REPUBLIKA.CO.ID, JAKARTA -- Pendiri Foreign Policy Community of Indonesia (FPCI) Dino Patti Djalal menilai negara-negara di seluruh dunia memiliki utang kepada Palestina untuk membantu mencapai kemerdekaan penuh atas penjajahan yang dilakukan oleh Israel.
"Pada tahun 1945 hanya sekitar 50 negara merdeka di dunia, tapi sekarang sudah 193 atau hampir empat kali lipatnya. Tapi hanya satu yang belum merdeka, siapa? Palestina," tutur Dino dalam sebuah kegiatan diskusi politik internasional di Jakarta, Jumat (15/12).
Menurut mantan Duta Besar Indonesia untuk Amerika Serikat itu, status Palestina yang menjadi satu-satunya negara yang belum merdeka harus menjadi tanggung jawab bersama kalangan internasional untuk membantu negara tersebut memperoleh kemerdekaan.
Dalam hal ini, Organisasi Kerja Sama Islam (OKI) telah menyatakan dukungan bulat terhadap Palestina melalui konferensi tingkat tinggi yang berlangsung di Turki.
Presiden Joko Widodo yang hadir pada KTT tersebut juga menyampaikan sikap pemerintah Indonesia yang mendukung Palestina dan menolak pernyataan Presiden AS Donald Trump yang mengakui Yerusalem sebagai ibu kota Israel.
Selain itu, diharapkan kemerdekaan Palestina juga didapat bukan melalui jalan kekerasan, namun dengan solusi negosiasi politik. "Walaupun terakhir negosiasi yang sangat baik terjadi pada masa Presiden Bush, tapi sampai sekarang belum ada titik positif akan hal itu, meskipun peluang untuk negosiasi masih ada," katanya menambahkan.
Ia pun menekankan, selama Israel juga tidak tertarik untuk maju dalam negosiasi maka tidak akan ada kemerdekaan bagi Palestina. Nyatanya, konstelasi dan realita politik di Israel tidak menguntungkan bagi Palestina.
"Sepanjang Perdana Menteri Benjamin Netanyahu berkuasa, kondisi perundingan Palestina-Israel untuk mewujudkan 'solusi dua negara' semakin mengkhawatirkan," tutur Dino.

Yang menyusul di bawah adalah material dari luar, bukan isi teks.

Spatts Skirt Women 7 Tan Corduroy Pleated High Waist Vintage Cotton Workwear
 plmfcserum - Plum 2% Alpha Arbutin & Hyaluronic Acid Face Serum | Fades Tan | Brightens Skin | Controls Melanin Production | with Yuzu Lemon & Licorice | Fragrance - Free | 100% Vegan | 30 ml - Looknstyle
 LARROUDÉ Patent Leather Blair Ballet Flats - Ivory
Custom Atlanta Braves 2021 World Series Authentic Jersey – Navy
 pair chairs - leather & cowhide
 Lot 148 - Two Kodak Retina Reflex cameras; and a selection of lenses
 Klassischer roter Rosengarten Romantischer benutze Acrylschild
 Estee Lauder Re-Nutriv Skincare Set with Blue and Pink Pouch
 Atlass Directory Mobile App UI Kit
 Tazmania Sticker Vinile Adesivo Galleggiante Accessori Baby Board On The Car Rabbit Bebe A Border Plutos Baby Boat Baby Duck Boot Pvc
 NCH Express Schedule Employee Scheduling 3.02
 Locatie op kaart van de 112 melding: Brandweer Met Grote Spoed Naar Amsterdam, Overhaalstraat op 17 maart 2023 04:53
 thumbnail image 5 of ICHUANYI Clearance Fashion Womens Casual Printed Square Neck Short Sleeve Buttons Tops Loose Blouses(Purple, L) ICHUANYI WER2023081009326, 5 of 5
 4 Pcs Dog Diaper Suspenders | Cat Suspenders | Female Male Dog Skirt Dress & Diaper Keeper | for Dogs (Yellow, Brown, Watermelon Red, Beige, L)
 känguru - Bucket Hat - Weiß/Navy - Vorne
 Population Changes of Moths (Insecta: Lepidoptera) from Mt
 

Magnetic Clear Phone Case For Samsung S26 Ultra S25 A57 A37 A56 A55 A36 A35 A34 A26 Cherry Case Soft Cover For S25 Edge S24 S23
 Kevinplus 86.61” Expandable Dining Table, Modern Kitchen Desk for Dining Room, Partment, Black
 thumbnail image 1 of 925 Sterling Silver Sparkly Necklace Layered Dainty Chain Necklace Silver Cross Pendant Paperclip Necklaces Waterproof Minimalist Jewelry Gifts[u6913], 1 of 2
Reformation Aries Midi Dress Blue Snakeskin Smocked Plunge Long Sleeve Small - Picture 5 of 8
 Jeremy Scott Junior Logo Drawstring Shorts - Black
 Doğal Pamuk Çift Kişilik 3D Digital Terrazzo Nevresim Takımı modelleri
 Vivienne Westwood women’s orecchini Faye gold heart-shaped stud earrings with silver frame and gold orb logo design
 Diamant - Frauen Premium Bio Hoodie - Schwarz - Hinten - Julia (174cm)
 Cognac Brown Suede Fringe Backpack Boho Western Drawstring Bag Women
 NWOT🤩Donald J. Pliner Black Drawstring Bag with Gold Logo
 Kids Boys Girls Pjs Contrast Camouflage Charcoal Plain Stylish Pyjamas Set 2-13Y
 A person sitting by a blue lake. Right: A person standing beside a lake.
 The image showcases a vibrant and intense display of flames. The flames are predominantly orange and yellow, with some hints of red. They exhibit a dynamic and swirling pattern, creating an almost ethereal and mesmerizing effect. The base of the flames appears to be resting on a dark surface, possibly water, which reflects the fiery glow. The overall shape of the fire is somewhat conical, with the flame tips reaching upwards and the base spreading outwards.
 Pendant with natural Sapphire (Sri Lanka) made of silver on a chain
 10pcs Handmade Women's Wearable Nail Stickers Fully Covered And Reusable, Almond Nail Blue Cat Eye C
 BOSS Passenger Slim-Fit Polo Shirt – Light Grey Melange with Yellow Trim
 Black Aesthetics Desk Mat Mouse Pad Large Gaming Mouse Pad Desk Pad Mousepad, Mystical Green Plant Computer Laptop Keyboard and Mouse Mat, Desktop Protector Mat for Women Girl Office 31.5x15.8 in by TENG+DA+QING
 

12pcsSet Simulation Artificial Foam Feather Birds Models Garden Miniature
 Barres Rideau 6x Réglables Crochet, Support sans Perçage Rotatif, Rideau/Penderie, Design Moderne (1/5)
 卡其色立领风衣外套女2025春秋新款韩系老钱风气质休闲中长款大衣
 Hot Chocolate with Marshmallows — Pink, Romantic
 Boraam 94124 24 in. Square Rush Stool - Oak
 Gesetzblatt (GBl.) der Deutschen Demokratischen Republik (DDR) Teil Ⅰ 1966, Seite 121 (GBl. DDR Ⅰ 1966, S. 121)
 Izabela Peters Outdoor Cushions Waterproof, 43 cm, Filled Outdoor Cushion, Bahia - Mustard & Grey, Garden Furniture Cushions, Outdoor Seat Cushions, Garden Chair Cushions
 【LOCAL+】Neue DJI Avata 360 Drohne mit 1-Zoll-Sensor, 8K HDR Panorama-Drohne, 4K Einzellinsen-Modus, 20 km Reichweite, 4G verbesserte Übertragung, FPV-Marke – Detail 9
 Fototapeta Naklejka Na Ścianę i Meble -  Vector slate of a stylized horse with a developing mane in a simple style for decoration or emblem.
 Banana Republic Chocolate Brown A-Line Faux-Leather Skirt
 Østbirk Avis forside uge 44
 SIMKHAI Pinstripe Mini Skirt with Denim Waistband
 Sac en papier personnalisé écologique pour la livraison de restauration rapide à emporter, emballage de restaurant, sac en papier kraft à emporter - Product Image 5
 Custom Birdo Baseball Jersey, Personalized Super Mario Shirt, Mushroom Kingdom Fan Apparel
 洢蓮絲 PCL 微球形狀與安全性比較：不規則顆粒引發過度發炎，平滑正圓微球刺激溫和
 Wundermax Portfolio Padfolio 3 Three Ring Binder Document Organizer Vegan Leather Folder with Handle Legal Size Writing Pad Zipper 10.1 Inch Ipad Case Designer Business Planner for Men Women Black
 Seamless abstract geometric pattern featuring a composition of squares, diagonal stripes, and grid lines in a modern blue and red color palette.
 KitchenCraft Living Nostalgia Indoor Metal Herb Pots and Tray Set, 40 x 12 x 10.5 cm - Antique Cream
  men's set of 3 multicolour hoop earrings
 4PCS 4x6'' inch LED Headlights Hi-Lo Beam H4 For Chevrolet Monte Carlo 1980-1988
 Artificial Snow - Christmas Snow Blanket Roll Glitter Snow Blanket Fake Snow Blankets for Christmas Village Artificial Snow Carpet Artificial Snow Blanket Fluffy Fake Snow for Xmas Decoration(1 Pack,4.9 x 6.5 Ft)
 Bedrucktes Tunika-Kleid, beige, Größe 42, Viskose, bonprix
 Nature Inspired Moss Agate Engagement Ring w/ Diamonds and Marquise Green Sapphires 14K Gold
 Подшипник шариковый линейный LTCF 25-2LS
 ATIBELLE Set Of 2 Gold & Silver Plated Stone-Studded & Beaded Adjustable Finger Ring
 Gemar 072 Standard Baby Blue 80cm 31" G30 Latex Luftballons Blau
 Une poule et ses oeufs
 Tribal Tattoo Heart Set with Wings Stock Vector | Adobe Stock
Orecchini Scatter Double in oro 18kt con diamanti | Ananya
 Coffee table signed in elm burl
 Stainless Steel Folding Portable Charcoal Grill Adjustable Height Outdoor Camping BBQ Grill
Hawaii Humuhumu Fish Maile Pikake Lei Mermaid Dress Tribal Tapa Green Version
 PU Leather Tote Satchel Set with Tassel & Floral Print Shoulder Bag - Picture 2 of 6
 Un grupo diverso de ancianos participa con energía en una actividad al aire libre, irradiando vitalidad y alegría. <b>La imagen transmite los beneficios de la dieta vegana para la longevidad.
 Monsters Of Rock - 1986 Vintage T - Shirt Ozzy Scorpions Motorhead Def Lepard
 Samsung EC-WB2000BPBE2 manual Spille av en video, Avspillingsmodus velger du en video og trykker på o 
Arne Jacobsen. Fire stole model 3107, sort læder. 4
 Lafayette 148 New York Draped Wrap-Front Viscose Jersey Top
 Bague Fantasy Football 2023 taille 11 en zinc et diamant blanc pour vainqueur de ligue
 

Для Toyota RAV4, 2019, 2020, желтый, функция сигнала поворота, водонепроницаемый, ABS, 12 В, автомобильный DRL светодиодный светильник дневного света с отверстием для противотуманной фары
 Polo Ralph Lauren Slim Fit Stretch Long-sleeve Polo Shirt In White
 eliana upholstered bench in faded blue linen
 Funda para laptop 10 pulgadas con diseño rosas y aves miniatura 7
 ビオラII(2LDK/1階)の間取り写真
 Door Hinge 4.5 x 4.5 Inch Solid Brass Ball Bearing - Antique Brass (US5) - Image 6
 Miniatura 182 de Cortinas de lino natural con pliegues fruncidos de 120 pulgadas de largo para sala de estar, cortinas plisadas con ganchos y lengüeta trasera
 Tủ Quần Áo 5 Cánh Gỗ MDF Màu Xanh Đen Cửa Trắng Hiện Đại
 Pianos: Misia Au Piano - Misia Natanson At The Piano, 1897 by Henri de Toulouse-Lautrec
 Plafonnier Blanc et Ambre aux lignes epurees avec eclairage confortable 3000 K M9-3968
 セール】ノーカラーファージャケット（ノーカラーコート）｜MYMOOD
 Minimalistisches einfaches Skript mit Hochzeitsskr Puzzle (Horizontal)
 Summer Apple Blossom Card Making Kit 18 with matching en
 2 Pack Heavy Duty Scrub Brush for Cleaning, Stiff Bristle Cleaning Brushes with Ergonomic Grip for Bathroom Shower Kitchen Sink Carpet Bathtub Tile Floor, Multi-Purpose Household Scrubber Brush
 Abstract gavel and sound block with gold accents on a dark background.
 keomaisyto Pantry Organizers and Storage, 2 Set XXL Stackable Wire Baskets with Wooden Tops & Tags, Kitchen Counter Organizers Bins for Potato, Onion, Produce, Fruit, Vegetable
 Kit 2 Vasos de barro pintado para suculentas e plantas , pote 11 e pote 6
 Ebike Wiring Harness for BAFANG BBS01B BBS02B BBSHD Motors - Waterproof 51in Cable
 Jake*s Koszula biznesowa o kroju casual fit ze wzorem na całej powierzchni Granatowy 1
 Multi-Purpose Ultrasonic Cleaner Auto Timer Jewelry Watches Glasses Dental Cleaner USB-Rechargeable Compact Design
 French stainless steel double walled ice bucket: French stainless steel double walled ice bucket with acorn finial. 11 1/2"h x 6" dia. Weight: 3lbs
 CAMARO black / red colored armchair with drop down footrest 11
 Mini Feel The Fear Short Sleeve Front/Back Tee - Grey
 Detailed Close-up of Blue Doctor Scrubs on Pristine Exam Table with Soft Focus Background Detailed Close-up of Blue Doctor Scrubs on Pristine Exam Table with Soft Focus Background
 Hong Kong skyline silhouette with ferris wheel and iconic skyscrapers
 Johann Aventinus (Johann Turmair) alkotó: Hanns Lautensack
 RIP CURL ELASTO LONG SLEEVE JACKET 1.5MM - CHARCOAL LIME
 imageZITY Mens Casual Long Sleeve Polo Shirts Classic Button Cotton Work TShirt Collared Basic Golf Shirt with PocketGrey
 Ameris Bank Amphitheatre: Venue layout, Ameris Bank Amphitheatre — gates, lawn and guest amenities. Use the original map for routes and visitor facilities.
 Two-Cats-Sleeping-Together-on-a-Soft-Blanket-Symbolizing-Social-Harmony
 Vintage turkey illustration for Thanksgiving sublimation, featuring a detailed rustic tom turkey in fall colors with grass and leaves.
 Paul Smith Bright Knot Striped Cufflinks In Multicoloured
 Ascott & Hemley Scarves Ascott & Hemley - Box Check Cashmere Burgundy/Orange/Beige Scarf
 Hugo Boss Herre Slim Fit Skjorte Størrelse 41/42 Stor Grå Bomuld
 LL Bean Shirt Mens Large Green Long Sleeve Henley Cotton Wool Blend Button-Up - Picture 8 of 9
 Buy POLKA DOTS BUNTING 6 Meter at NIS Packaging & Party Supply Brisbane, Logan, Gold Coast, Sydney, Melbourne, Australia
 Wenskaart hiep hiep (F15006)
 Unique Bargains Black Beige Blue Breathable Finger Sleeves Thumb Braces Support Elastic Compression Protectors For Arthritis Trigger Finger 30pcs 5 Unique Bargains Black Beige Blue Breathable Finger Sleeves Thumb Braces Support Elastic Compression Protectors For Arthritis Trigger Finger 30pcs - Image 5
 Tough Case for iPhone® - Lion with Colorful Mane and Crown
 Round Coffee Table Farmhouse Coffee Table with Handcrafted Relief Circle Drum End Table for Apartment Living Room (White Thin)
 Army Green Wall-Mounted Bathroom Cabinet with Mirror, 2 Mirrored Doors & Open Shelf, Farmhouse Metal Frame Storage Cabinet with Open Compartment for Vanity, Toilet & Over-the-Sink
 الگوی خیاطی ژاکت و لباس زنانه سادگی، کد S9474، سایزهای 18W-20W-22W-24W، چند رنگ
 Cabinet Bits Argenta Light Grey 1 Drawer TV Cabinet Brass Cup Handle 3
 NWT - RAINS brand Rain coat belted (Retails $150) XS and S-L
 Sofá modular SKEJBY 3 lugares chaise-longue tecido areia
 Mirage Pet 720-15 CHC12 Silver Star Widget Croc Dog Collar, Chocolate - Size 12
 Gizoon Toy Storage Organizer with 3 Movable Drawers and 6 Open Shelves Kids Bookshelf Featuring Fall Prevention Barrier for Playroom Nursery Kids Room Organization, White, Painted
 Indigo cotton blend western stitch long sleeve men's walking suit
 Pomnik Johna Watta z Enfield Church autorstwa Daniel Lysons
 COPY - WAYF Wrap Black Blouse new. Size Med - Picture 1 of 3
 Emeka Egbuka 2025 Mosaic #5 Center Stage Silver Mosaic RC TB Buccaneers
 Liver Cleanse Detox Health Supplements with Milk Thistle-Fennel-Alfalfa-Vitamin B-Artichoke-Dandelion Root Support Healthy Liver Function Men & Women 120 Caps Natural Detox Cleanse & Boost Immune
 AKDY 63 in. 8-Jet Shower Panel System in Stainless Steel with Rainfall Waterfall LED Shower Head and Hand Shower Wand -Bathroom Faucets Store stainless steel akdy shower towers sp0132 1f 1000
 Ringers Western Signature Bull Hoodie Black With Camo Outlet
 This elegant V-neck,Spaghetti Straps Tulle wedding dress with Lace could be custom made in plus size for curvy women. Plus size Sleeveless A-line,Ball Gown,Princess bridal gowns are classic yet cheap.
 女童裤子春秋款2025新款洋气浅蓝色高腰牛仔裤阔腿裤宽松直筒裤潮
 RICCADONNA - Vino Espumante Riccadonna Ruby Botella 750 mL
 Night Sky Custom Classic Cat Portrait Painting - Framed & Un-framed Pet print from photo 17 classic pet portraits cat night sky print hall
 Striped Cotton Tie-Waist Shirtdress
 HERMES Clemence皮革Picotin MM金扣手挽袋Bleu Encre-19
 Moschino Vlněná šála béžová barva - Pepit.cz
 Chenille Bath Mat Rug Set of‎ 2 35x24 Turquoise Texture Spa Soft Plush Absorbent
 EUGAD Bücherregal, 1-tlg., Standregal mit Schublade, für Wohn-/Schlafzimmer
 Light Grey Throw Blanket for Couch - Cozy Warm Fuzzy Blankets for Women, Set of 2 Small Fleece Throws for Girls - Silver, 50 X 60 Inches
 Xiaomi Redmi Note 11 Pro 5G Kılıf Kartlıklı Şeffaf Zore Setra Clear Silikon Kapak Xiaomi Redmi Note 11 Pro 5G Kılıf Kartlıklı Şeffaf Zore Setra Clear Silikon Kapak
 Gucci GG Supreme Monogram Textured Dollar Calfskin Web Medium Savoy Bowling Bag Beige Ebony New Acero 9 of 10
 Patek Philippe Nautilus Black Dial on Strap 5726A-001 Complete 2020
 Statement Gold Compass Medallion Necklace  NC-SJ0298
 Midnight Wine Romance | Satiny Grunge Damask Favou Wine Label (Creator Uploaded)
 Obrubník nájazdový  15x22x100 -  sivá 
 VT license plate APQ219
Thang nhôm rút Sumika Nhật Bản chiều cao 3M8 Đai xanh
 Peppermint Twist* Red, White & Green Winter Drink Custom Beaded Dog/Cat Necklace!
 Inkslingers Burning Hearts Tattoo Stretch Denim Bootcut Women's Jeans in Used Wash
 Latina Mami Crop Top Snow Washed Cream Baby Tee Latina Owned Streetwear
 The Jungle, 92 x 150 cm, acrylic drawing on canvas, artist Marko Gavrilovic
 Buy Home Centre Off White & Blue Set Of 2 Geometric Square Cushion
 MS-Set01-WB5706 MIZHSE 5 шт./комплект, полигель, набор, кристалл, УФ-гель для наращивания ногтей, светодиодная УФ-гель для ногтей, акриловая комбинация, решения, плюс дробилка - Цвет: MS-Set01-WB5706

Koalisi tujuh partai politik yang sejak 2015 dipimpin PM Netanyahu dan Partai Likud dinilai sama sekali tidak tertarik pada upaya mewujudkan "solusi dua negara" yang akan melahirkan Palestina yang merdeka. Sementara koalisi yang paling mendukung rencana ini, yaitu Zionist Union, justru telah kalah dalam pemilu 2015.